Technically, the hawking season goes through the end of the month, but we usually end early so as not to interfere unduly with the rabbits' breeding season. Wise hunters don't like to impact next season's production any more than farmers want to eat their seed corn. But there was more to it than that...it was simply enough.
Our flying time this season was severely limited by my work schedule, not much more than weekends really, but despite that I consider it a very successful year. Stekoa was both stylish and efficient, a six-times intermewed gamehawk in his prime. Thanks to several factors—a decent rabbit population after several below-average years, more careful weight management, and perhaps a more judicious selection of hawking grounds—Stekoa caught fewer mice than ever before, reflecting a keener focus on rabbits. From the NAFA meet in November through the end of January, I don't remember coming home without at least one rabbit in the bag—taking game is not my definition of success, but it is a pretty good indicator. And even when he didn't score, he always showed good sport.

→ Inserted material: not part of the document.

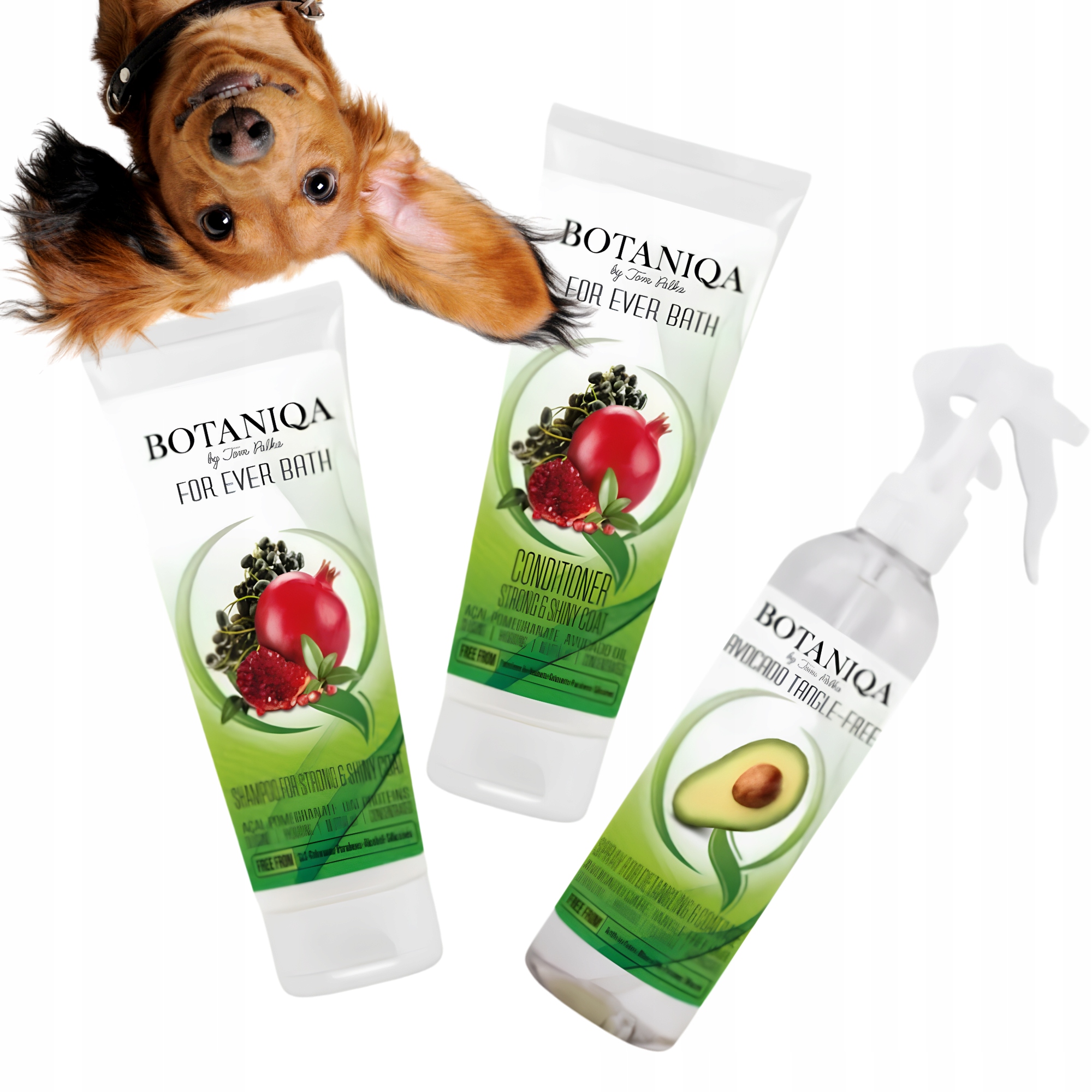 Zestaw 3w1 Botaniqa Pies Szampon Odżywka For Ever Bath Tangle Free Spray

What I now believe was our last hunt of the season, on Saturday, is a case in point. In the field were Jessica, Ellie, Pat and Shea Stull, and Shea's friend Rachel. [Photo by Pat above.] Just a day before the blizzard swept through, the temperature was in the 60s, and I was a bit concerned that Stekoa might opt to sit in a treetop and sunbathe rather than hunt with us; instead, he followed as brilliantly as ever. We flushed half a dozen rabbits—rabbits that, having survived into March, must be considered the most difficult of the season—and got good flights on all of them. Nothing brought to bag, but I was exhilarated. The hunt was followed by a sociable dinner back at the Stull's house (thanks, Trisia!), and when the snow and wind came overnight, I was content to sit the day out, and to contemplate a long series of days off.
A good hawking season behind me, a spring and summer's worth of fishing, garden projects, perhaps some travel ahead of me...I'm contented, and I find it wise not to underestimate the significance of contentment.